Et ce moment derrière la bâtisse, ce murmure partagé dans la nuit, jusqu’à cette chute — cette glissade absurde qui t’a jetée sans t’ôter ta beauté. Tu t’es relevée plus préoccupée du danger que des égratignures.

Tu es ainsi, Alex. Toujours tournée vers l’autre. Même dans la douleur, même dans la chute. A ce moment j’ai vu en toi non seulement une poétesse, mais une douceur intacte, l’attention absolue. Même à terre, tu veilles.

Cette nuit-là, j’ai dormi à tes côtés comme on dort près d’une étoile. Mon sommeil, d’habitude vagabond, s’est couché à tes pieds, docile. Et dans mes songes, tu m’as chuchoté : “continue d’écrire, fais entendre ta voix”. C’était simple, c’était sacré.

Le matin s’est levé au cocorico des coqs. Sous les manguiers complices, moi et vieux os, les bras chargés de mangues, riions comme des enfants. Le balcon nous a rassemblés autour du célèbre roman Gouverneurs de la rosée“Nous mourrons tous : les bêtes, les plantes, les chrétiens vivants.”, nous dit Jacques Roumain par l’organe de Délira. Et pourtant, ce jour-là nous vivions pleinement. J’ai cueilli des citronnelles, j’ai fait du thé pour ma gorge qui jouait à la basse. Tu t’es levée avec grâce, douce lumière dans l’épuisement. On a parlé, lentement, comme on boit un dernier vers.

Ce souvenir est un trésor. L’un de ceux que je garde au plus proche du cœur. Alors je t’écris, non pour une date à fêter, mais pour l’éternité que tu sèmes dans nos vies.
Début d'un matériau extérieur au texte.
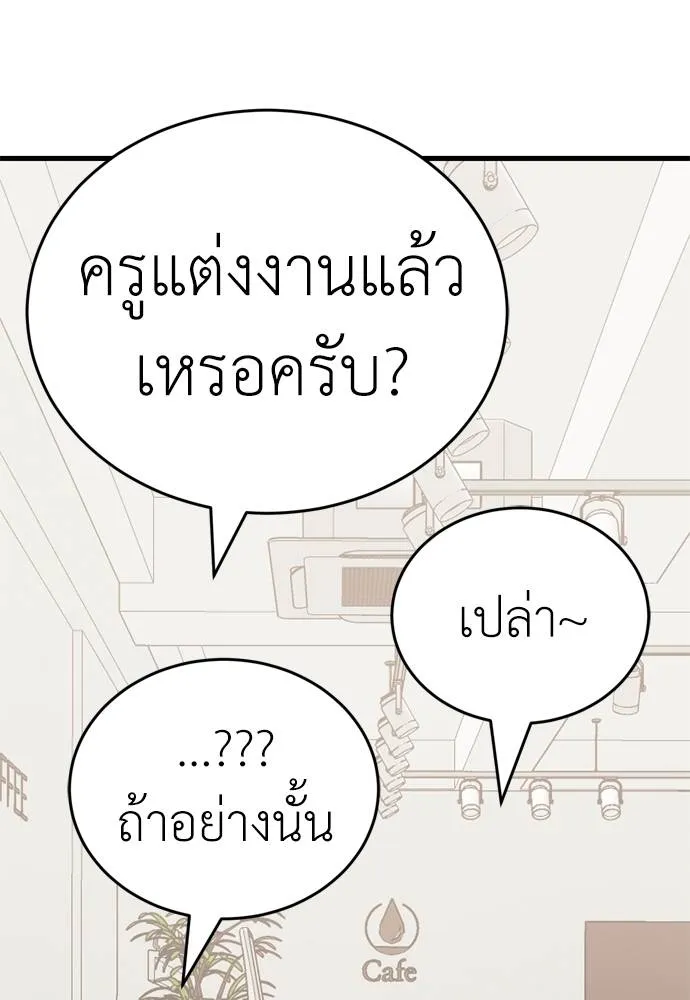 หน้า 101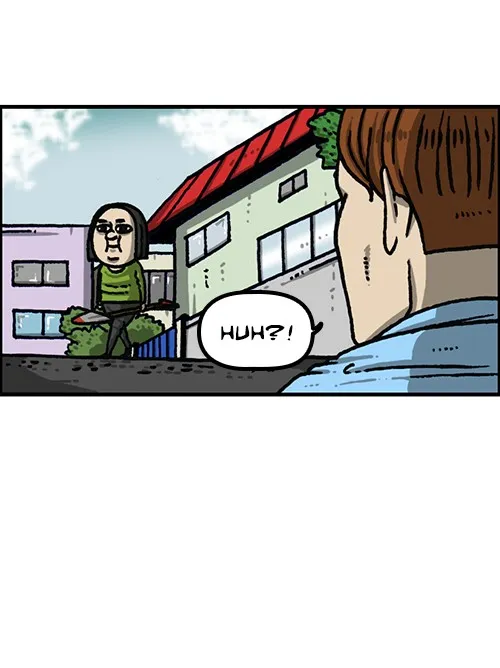 The Sound of Your Heart Chapter 485 page 33 - 
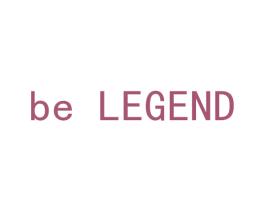BE LEGEND 商标图样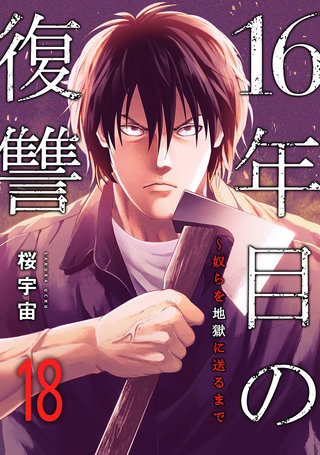 16年目の復讐～奴らを地獄に送るまで１８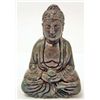 Image 1 : HAND CARVED JADE CHINESE PENDANT FIGURINE - BUDDHA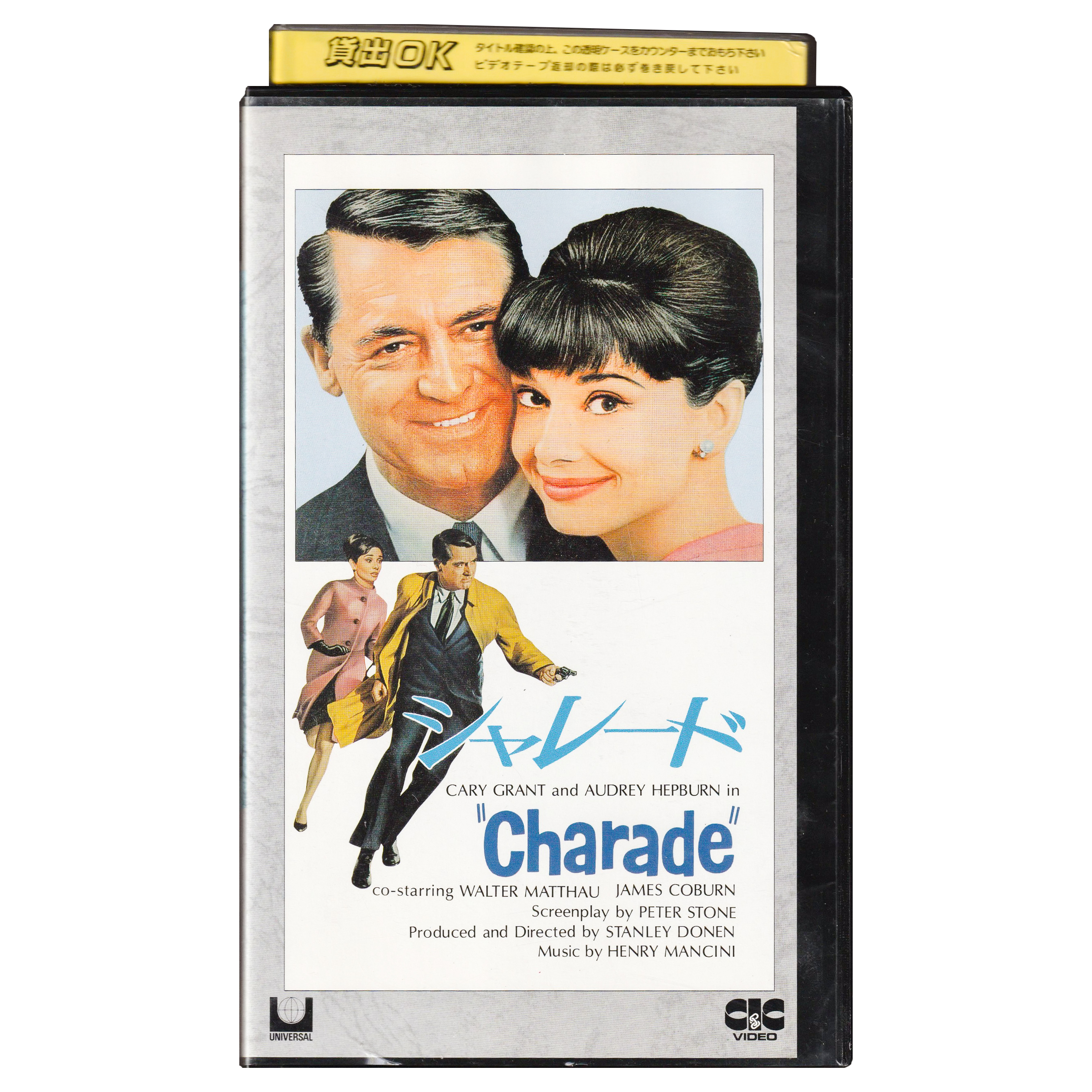 _0027_Charade-Rental-Front.png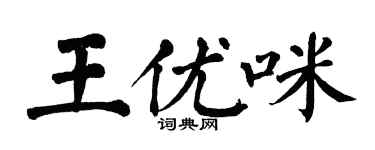 翁闓運王優咪楷書個性簽名怎么寫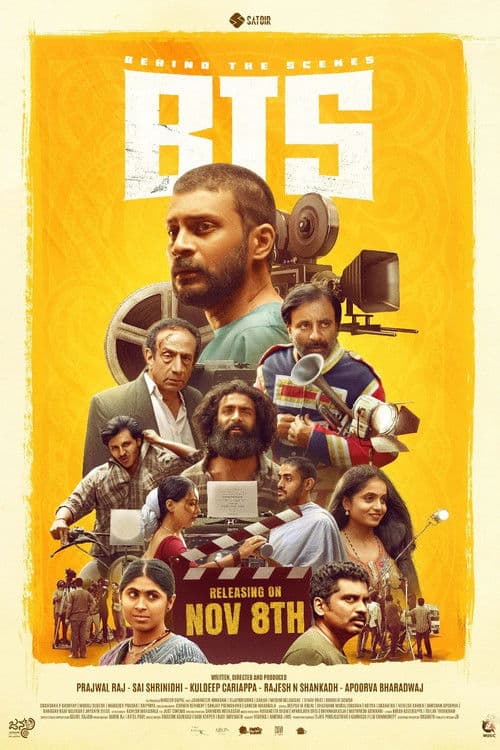 Poster for Behind The Scenes
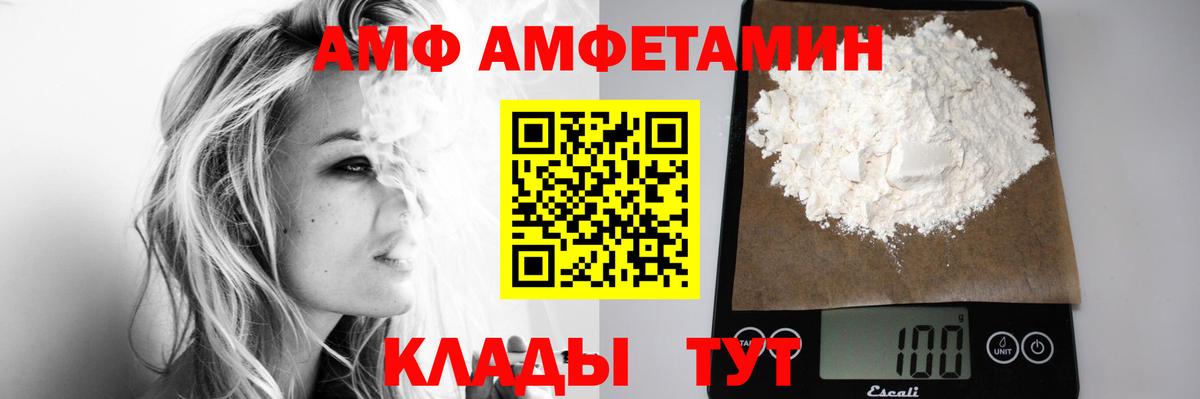 МЕТАМФЕТАМИН Methamphetamine Миасс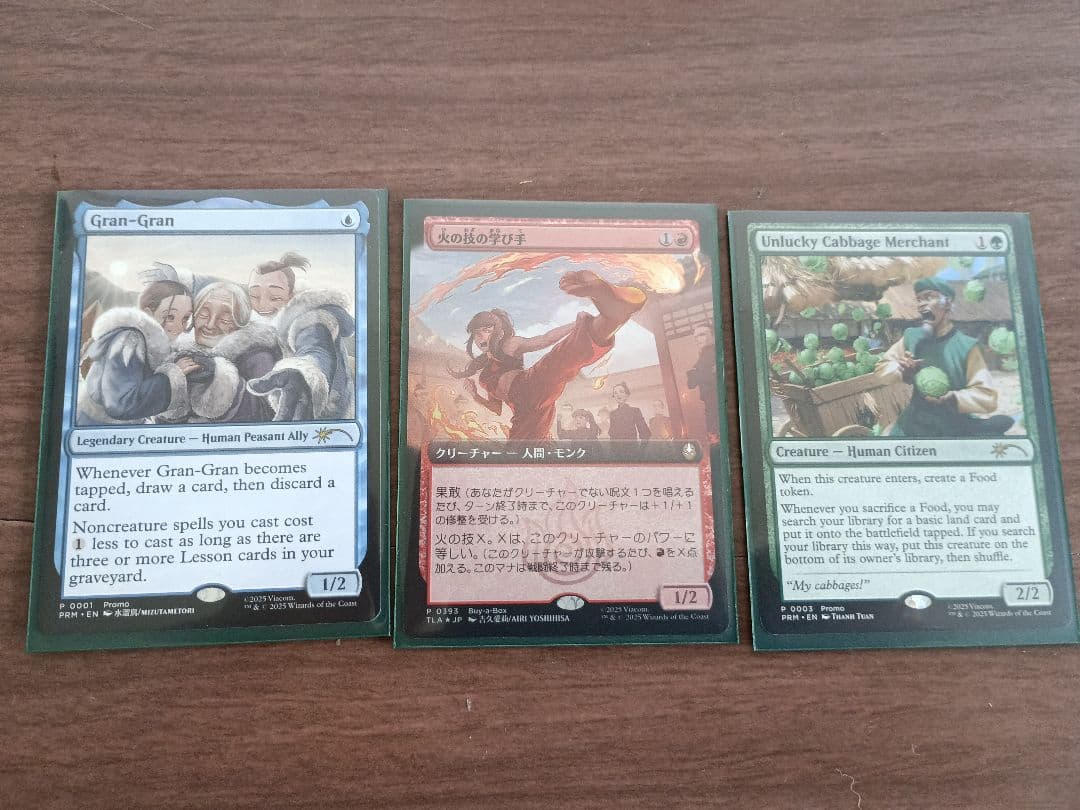 アバター プレイ ブースター1box 3種類 プロモ付き 送料無料 新品未開封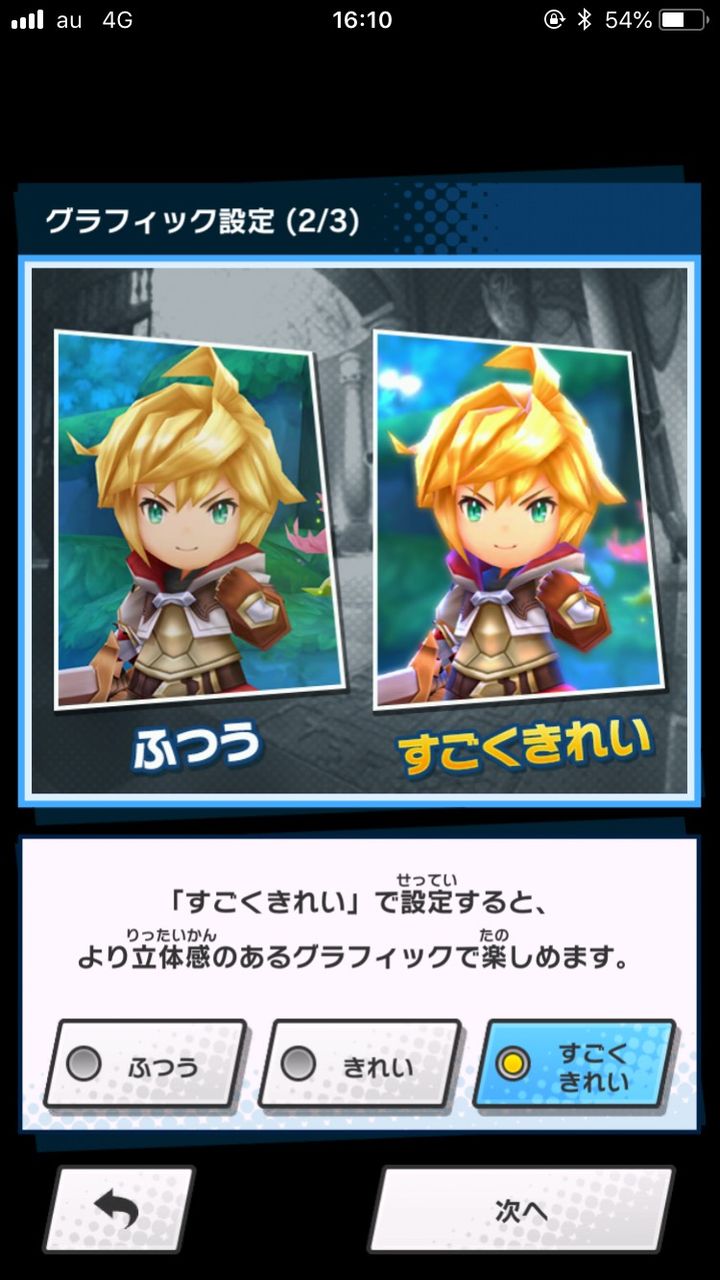 ドラガリアロスト ってどんなゲーム 任天堂 Cygamesが送るリッチ ドラガリアロスト ってどんなゲーム 任天堂 Cygamesが送るリッチ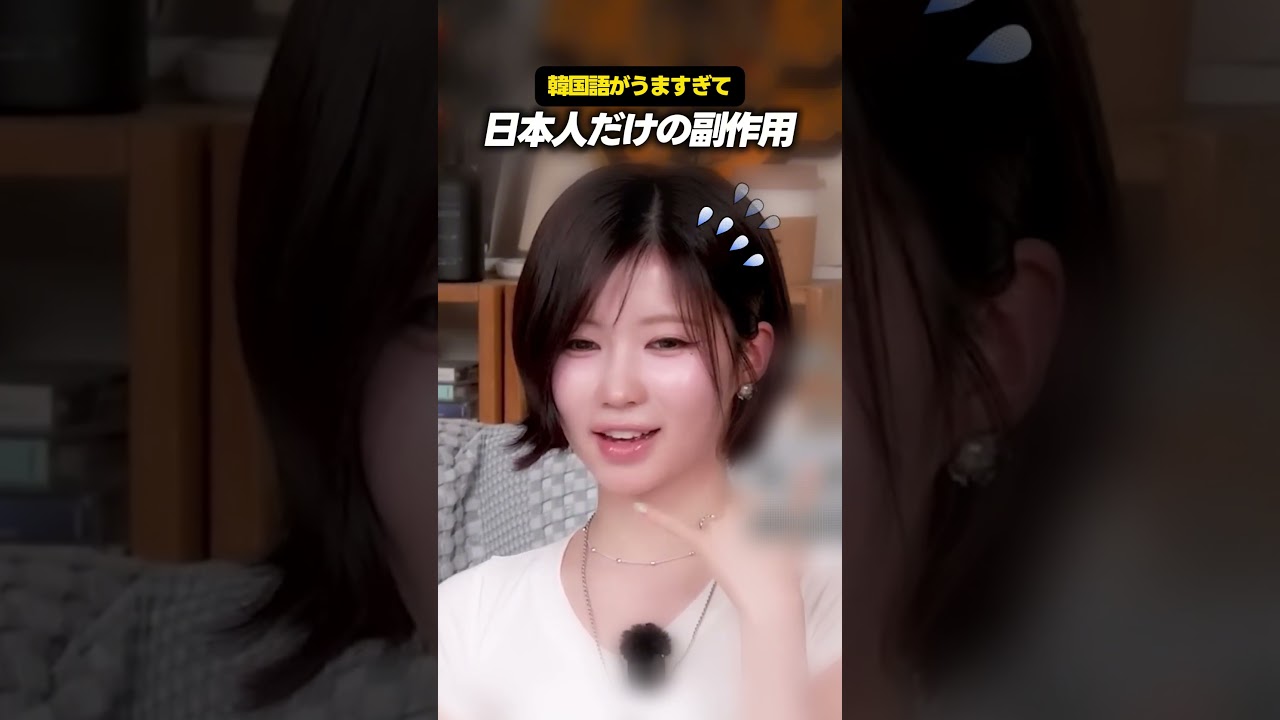 韓国語が上手くなりすぎた日本人K-POPアイドルの現実
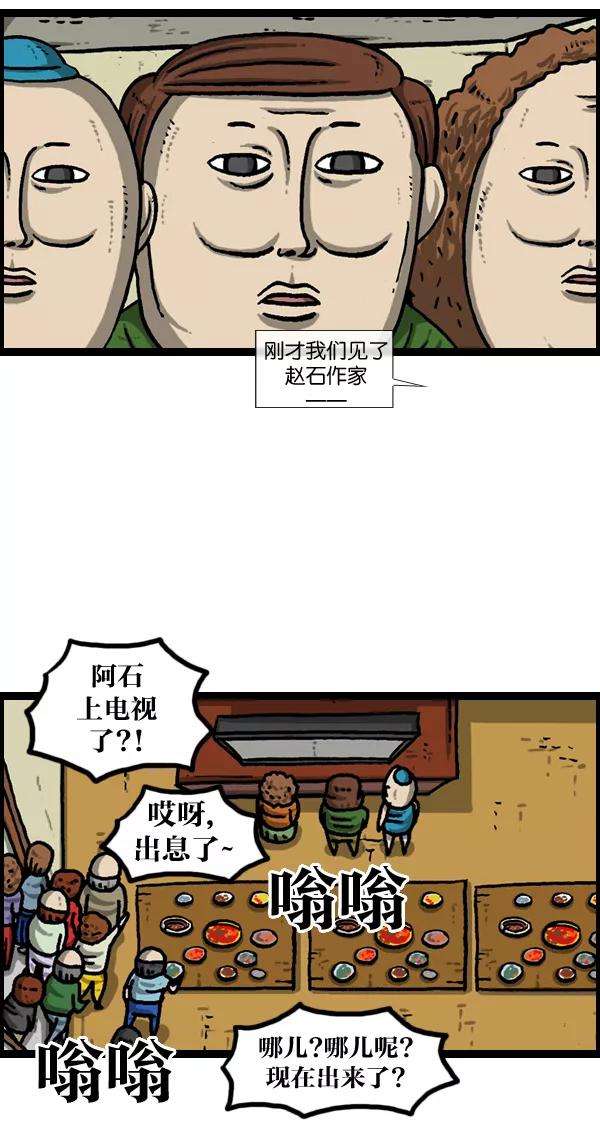 最快更新的心灵的声音第961话 奔跑者（Running Man）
Tu es une présence, une force, un modèle. Tu es de ces rares personnes qui rendent le monde plus habitable.

Je t’écris, Alex, pour te dire que tu es une âme magnifique. Que je t’admire. Que je t’aime fort. Que ce printemps soit à ton image : lumineux, fertile, débordant de vie. Et que jamais le feu de tes mots ne s’éteigne.

Sœur de mots, sœur de feu, merci. Que ce printemps, et tous ceux à venir, te rendent au centuple tout ce que tu sèmes.